| Task description |
Retype, word for word, every line from the one holding "Men's Premium T-Shirt_TeeTurtle" through the one holding "slattgir（スラットジ" in the entries below, both included, and only those lines.

| Supplied records |
- - - -
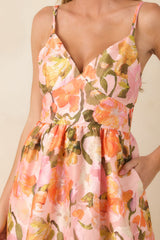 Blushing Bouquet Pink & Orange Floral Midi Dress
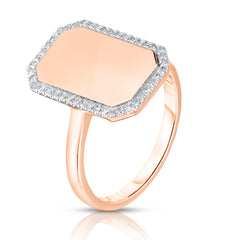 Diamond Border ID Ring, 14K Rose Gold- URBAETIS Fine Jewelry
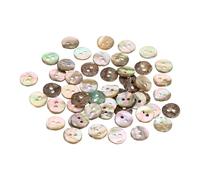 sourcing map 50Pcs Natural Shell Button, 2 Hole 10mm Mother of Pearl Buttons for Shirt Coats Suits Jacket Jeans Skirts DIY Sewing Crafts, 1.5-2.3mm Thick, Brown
- - - -
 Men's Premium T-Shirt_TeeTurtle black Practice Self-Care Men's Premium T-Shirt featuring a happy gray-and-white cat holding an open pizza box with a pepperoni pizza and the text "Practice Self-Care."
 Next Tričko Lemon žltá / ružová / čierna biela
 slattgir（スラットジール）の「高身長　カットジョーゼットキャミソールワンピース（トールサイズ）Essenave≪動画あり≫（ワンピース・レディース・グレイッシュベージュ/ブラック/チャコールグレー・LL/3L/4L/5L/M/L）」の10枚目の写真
- - - -
| Your response |
 Men's Premium T-Shirt_TeeTurtle black Practice Self-Care Men's Premium T-Shirt featuring a happy gray-and-white cat holding an open pizza box with a pepperoni pizza and the text "Practice Self-Care."
 Next Tričko Lemon žltá / ružová / čierna biela
 slattgir（スラットジール）の「高身長　カットジョーゼットキャミソールワンピース（トールサイズ）Essenave≪動画あり≫（ワンピース・レディース・グレイッシュベージュ/ブラック/チャコールグレー・LL/3L/4L/5L/M/L）」の10枚目の写真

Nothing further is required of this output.